What this task involves>
What is needed is an exact copy of the lines from the one containing "Rainbow Multicoloured Diamond" through the last line of the records, with no pictures.

(Data under study begins)

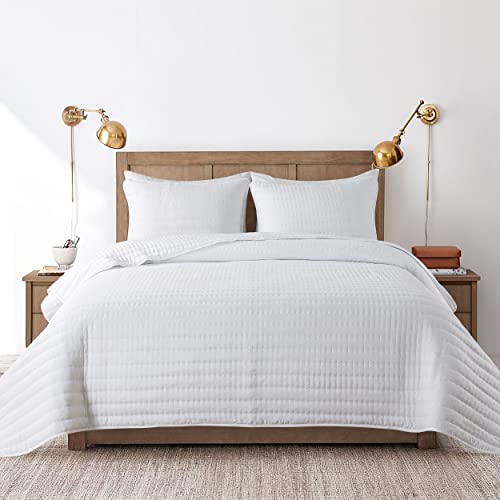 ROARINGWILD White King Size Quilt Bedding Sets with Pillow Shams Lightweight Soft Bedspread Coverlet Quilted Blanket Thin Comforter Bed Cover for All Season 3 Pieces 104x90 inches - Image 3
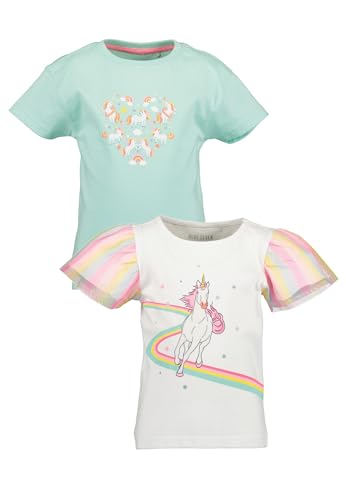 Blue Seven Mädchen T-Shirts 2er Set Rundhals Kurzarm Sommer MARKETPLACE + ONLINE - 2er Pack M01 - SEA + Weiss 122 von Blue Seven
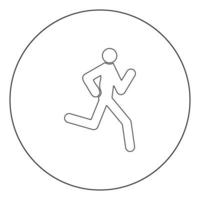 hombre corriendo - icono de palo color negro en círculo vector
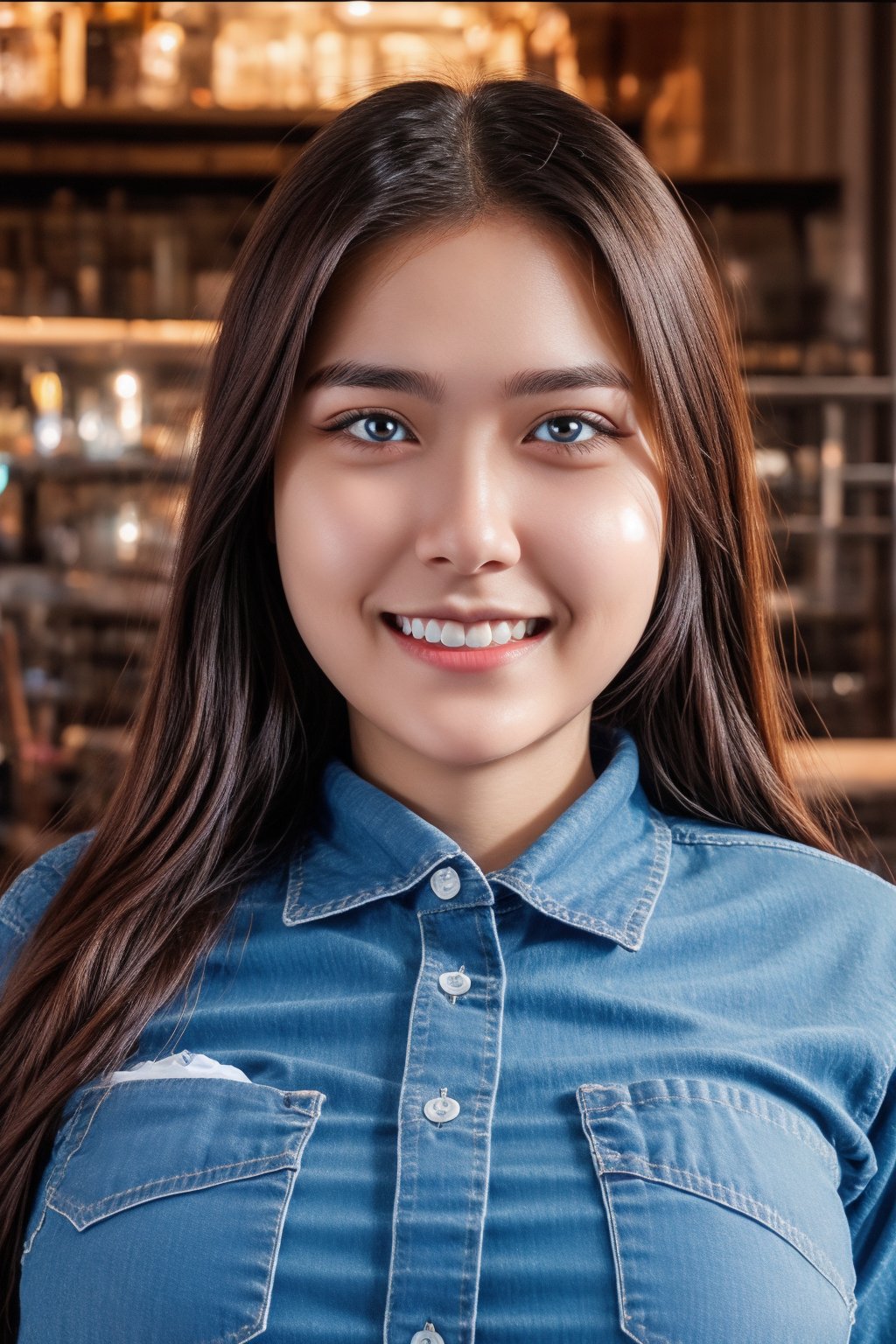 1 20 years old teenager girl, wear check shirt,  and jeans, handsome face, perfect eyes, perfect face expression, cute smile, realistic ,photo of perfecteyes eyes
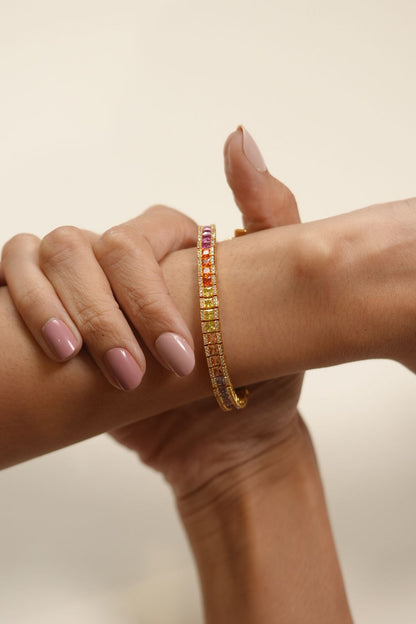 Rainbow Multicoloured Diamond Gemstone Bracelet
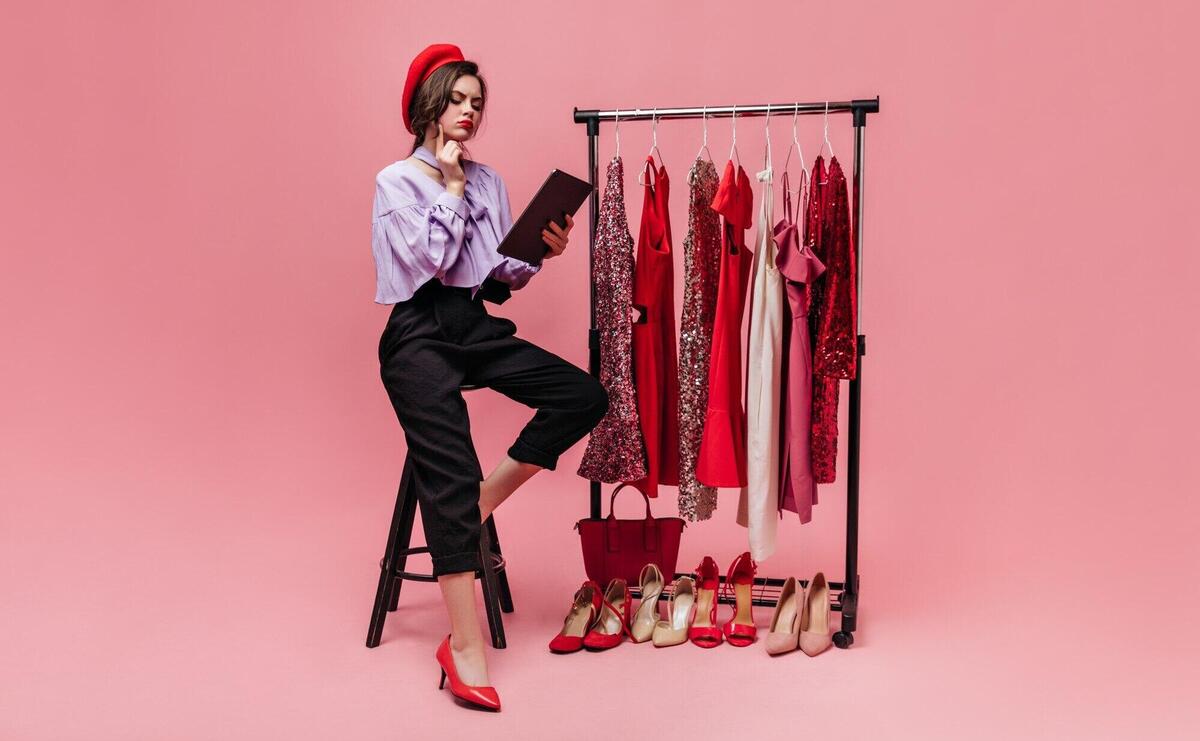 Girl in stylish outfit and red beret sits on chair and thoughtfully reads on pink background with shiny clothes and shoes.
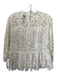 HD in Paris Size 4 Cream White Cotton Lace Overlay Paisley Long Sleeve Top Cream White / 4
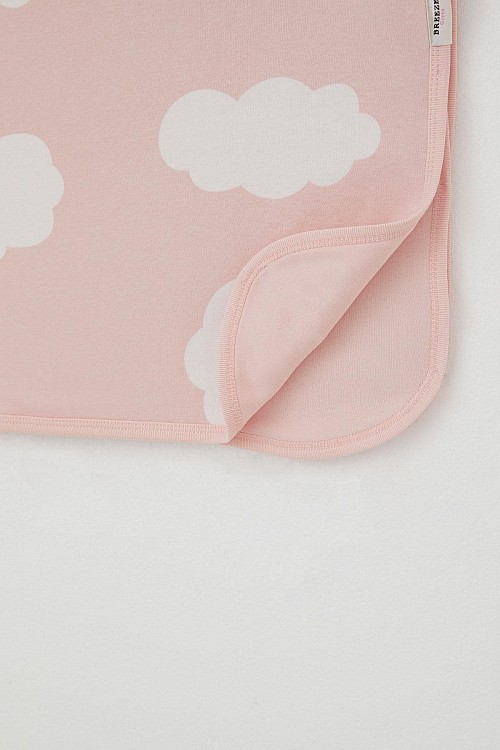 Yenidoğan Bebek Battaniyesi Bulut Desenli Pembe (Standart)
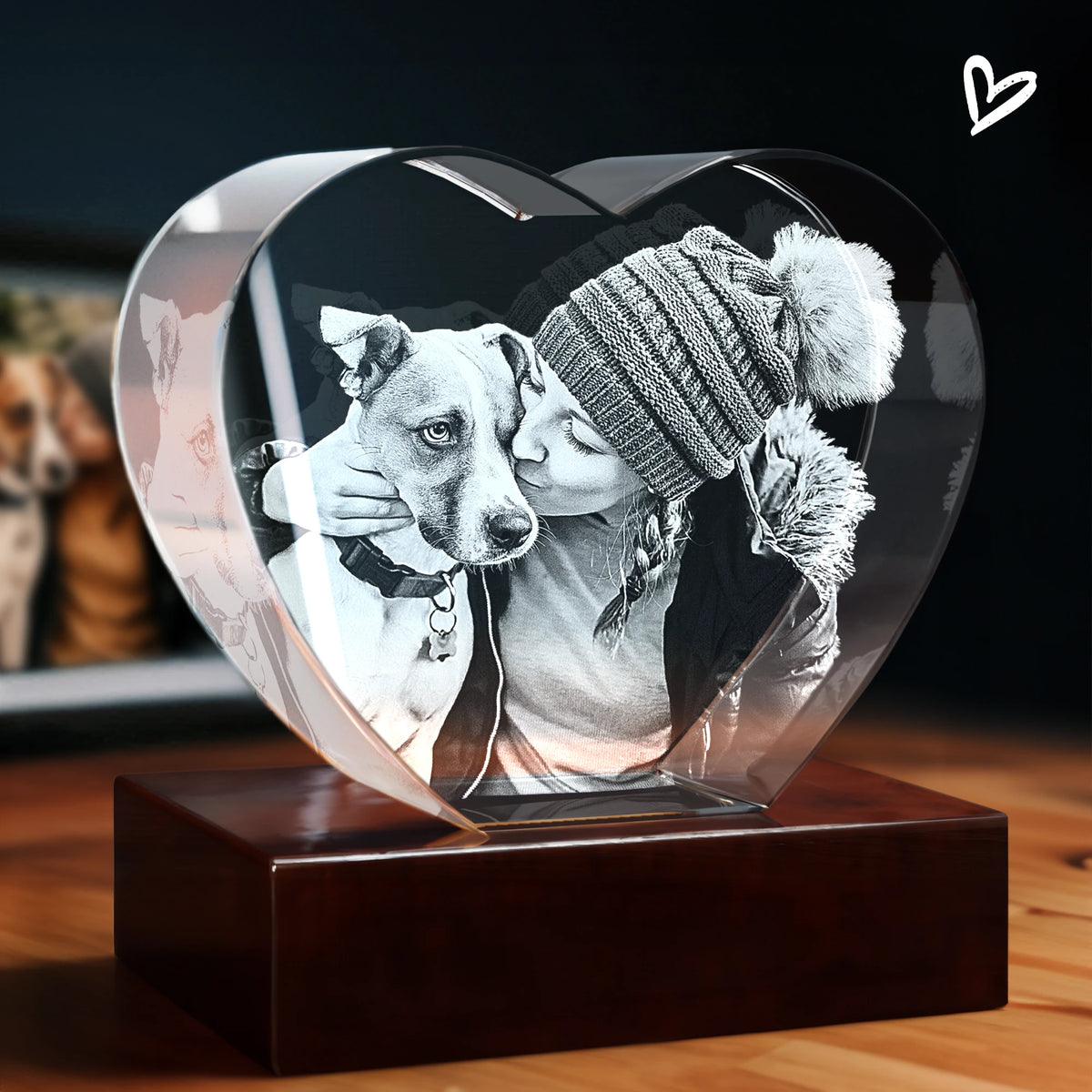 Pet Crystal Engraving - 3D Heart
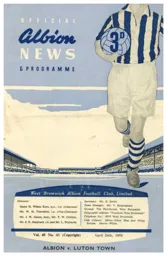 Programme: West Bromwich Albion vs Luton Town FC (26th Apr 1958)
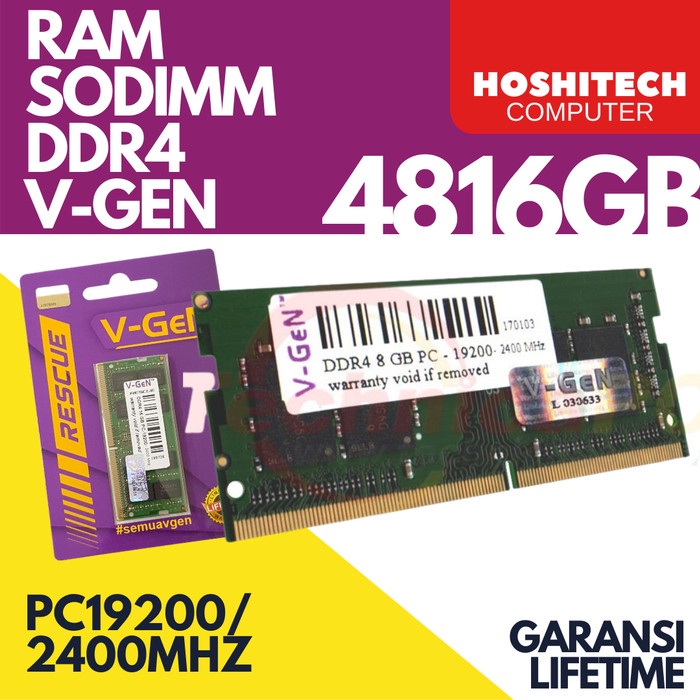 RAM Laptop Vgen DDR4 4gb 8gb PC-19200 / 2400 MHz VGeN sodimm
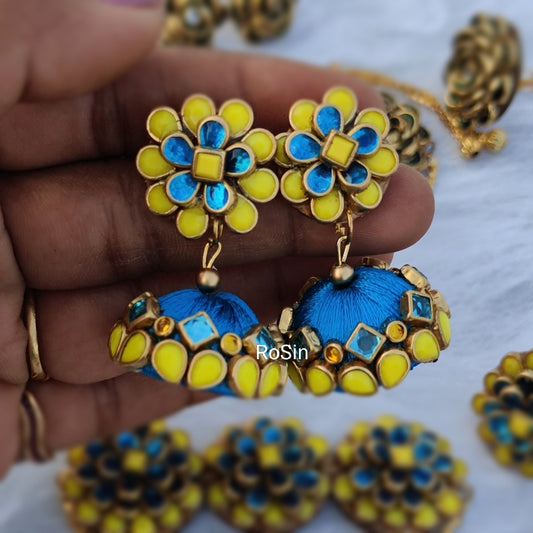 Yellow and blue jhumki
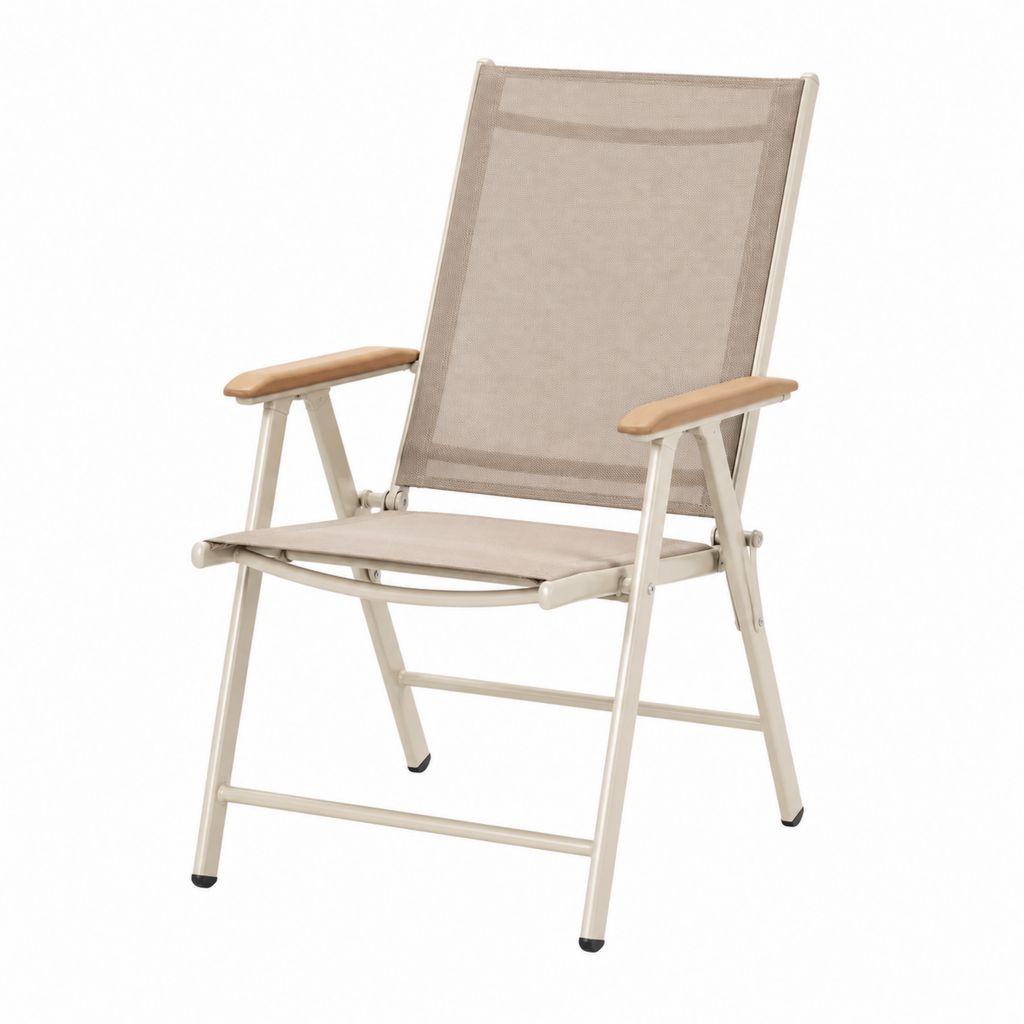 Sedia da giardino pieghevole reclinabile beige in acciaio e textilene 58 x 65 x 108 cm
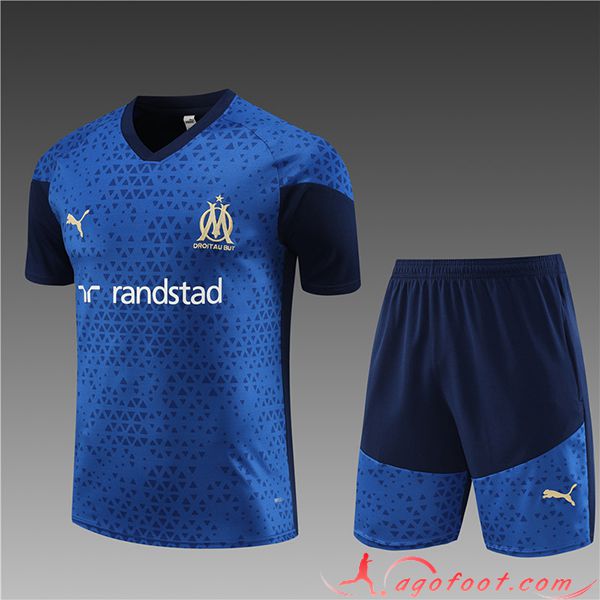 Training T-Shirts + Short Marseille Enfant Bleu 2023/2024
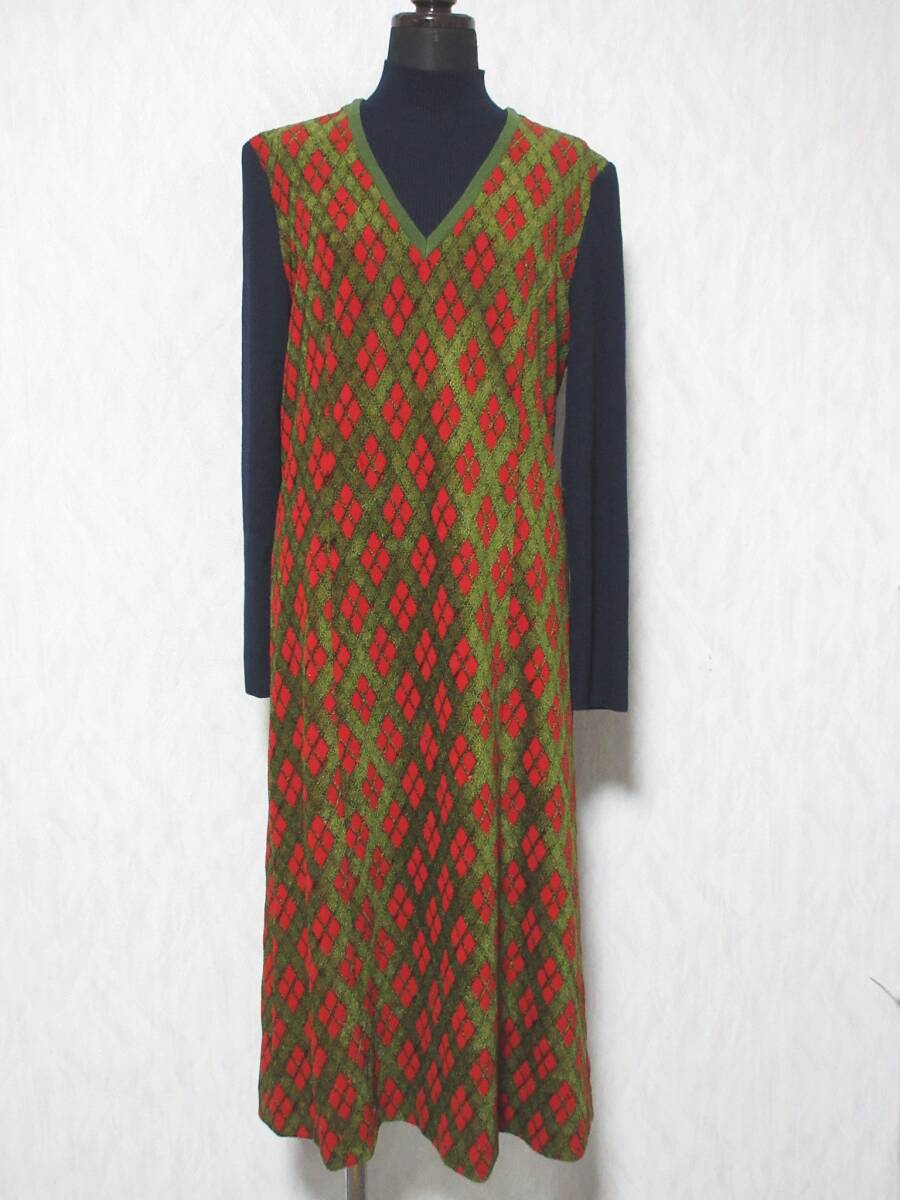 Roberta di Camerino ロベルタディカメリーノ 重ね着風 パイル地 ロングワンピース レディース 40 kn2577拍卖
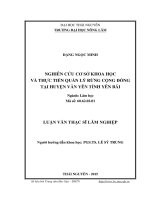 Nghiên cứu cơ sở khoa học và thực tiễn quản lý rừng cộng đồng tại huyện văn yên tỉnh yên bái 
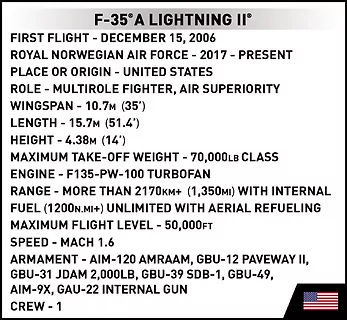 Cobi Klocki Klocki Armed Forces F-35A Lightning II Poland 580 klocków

(Data under study ends)

Answer below>
 Rainbow Multicoloured Diamond Gemstone Bracelet
 Girl in stylish outfit and red beret sits on chair and thoughtfully reads on pink background with shiny clothes and shoes.
 HD in Paris Size 4 Cream White Cotton Lace Overlay Paisley Long Sleeve Top Cream White / 4
 Yenidoğan Bebek Battaniyesi Bulut Desenli Pembe (Standart)
 Pet Crystal Engraving - 3D Heart
 Programme: West Bromwich Albion vs Luton Town FC (26th Apr 1958)
 RAM Laptop Vgen DDR4 4gb 8gb PC-19200 / 2400 MHz VGeN sodimm
 Yellow and blue jhumki
 Sedia da giardino pieghevole reclinabile beige in acciaio e textilene 58 x 65 x 108 cm
 Training T-Shirts + Short Marseille Enfant Bleu 2023/2024
 Roberta di Camerino ロベルタディカメリーノ 重ね着風 パイル地 ロングワンピース レディース 40 kn2577拍卖
 Nghiên cứu cơ sở khoa học và thực tiễn quản lý rừng cộng đồng tại huyện văn yên tỉnh yên bái 
 Cobi Klocki Klocki Armed Forces F-35A Lightning II Poland 580 klocków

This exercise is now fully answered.